## [Work instruction]
Output the listing exactly as written, apart from its pictures.

## [Excerpted data]
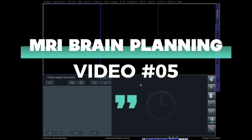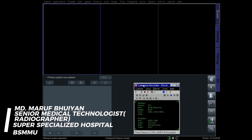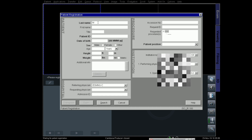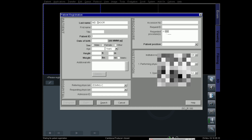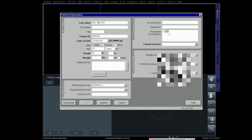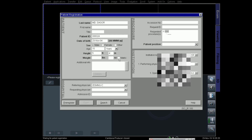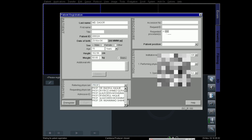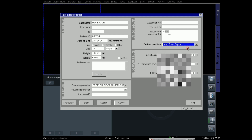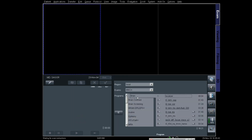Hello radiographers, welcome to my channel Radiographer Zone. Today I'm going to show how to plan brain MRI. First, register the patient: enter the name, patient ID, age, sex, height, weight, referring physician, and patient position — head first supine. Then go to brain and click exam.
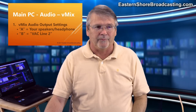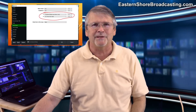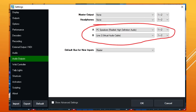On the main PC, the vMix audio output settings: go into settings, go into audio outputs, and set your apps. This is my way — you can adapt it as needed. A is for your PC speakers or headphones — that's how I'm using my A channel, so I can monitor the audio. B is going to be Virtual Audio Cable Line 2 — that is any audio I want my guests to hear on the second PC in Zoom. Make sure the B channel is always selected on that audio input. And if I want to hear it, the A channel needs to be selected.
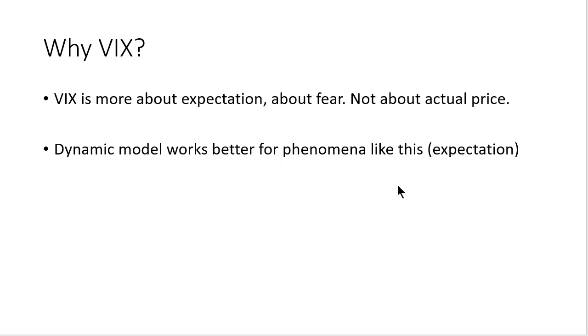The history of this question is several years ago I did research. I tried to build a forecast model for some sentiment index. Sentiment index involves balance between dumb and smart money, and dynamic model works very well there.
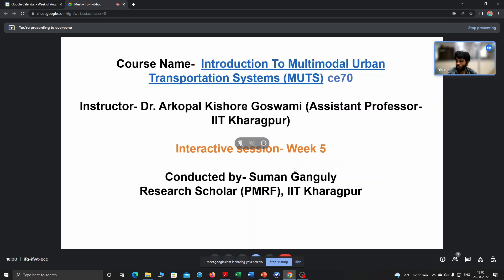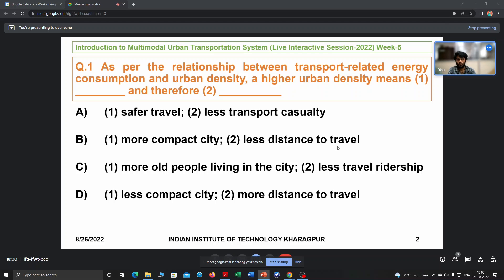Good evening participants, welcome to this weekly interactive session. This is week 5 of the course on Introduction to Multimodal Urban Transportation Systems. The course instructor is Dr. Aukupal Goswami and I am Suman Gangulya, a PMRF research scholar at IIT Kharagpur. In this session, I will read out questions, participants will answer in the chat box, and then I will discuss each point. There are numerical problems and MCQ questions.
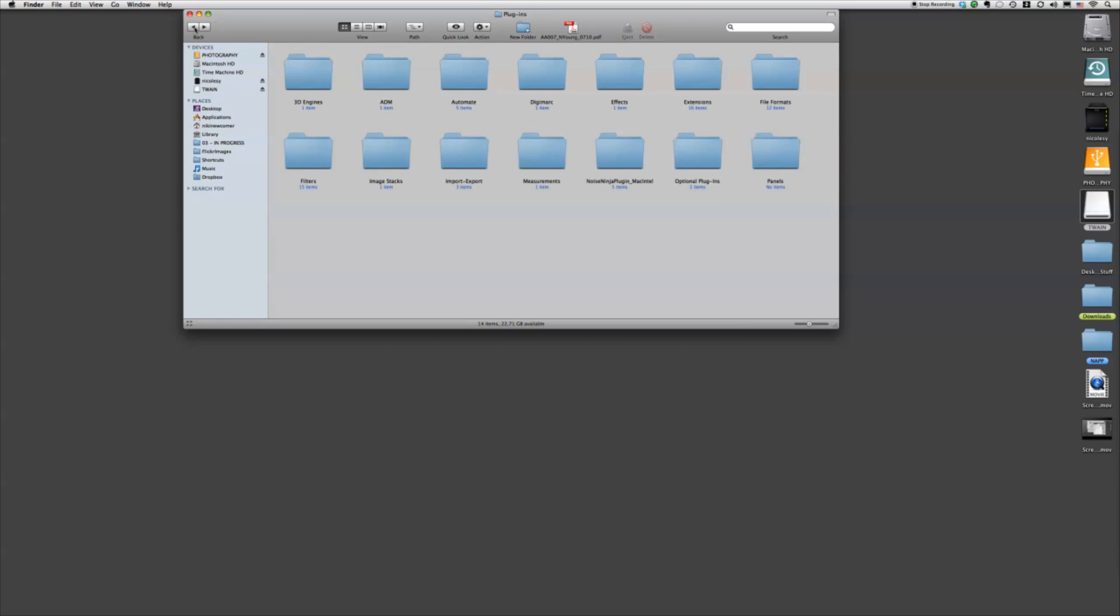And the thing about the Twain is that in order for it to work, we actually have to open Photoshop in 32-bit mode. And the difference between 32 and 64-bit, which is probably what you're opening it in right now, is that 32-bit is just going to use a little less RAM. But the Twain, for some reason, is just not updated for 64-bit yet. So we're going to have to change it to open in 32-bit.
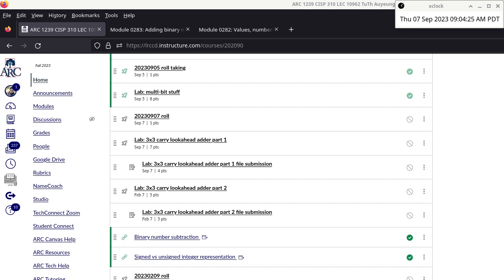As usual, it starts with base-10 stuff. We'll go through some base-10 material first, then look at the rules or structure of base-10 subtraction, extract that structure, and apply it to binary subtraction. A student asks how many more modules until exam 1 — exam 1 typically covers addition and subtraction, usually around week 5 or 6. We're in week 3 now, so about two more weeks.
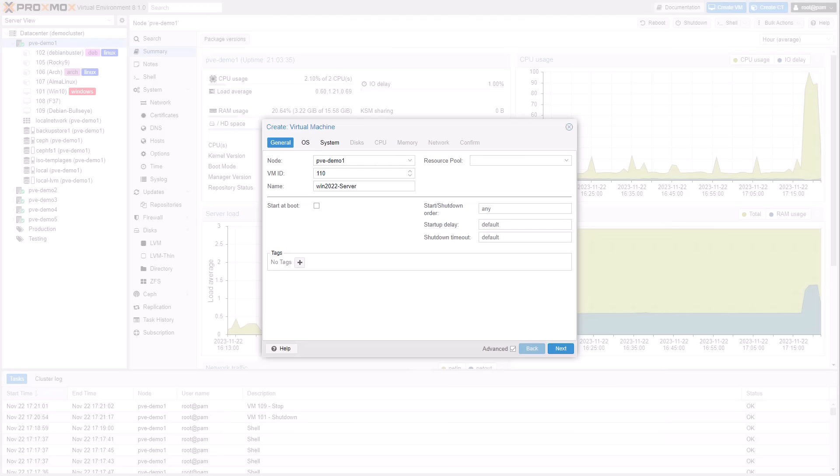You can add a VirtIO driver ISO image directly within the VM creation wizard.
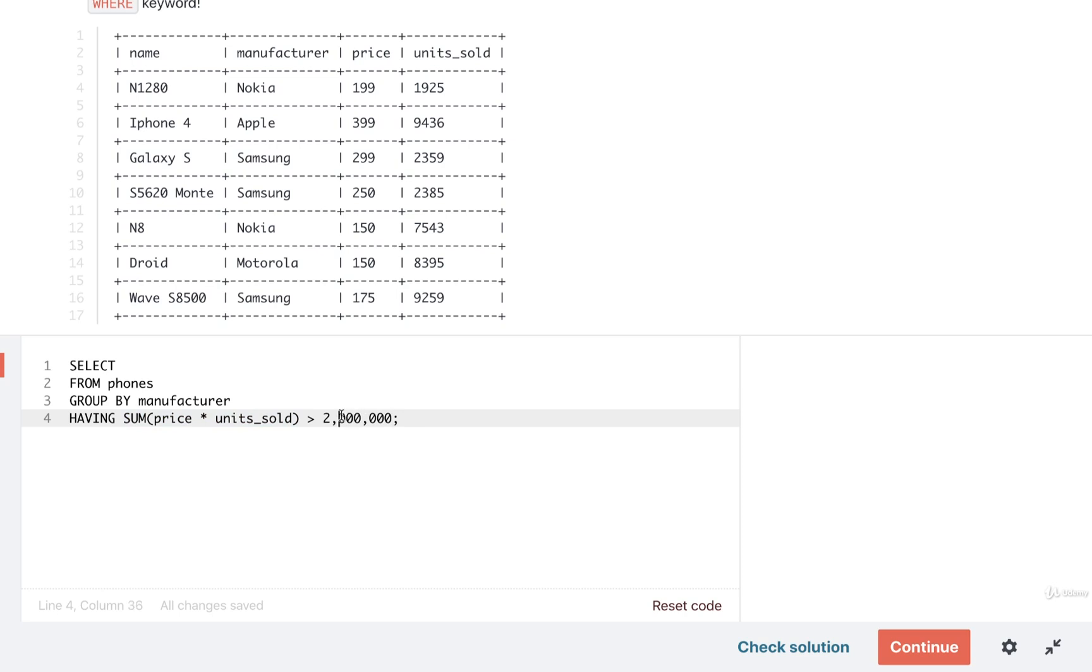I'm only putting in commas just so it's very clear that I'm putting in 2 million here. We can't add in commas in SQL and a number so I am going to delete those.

## [Solution]
Hello radiographers, welcome to my channel Radiographer Zone. Today I'm going to show how to plan brain MRI. First, register the patient: enter the name, patient ID, age, sex, height, weight, referring physician, and patient position — head first supine. Then go to brain and click exam.
On the main PC, the vMix audio output settings: go into settings, go into audio outputs, and set your apps. This is my way — you can adapt it as needed. A is for your PC speakers or headphones — that's how I'm using my A channel, so I can monitor the audio. B is going to be Virtual Audio Cable Line 2 — that is any audio I want my guests to hear on the second PC in Zoom. Make sure the B channel is always selected on that audio input. And if I want to hear it, the A channel needs to be selected.
The history of this question is several years ago I did research. I tried to build a forecast model for some sentiment index. Sentiment index involves balance between dumb and smart money, and dynamic model works very well there.
Good evening participants, welcome to this weekly interactive session. This is week 5 of the course on Introduction to Multimodal Urban Transportation Systems. The course instructor is Dr. Aukupal Goswami and I am Suman Gangulya, a PMRF research scholar at IIT Kharagpur. In this session, I will read out questions, participants will answer in the chat box, and then I will discuss each point. There are numerical problems and MCQ questions.
And the thing about the Twain is that in order for it to work, we actually have to open Photoshop in 32-bit mode. And the difference between 32 and 64-bit, which is probably what you're opening it in right now, is that 32-bit is just going to use a little less RAM. But the Twain, for some reason, is just not updated for 64-bit yet. So we're going to have to change it to open in 32-bit.
As usual, it starts with base-10 stuff. We'll go through some base-10 material first, then look at the rules or structure of base-10 subtraction, extract that structure, and apply it to binary subtraction. A student asks how many more modules until exam 1 — exam 1 typically covers addition and subtraction, usually around week 5 or 6. We're in week 3 now, so about two more weeks.
You can add a VirtIO driver ISO image directly within the VM creation wizard.
I'm only putting in commas just so it's very clear that I'm putting in 2 million here. We can't add in commas in SQL and a number so I am going to delete those.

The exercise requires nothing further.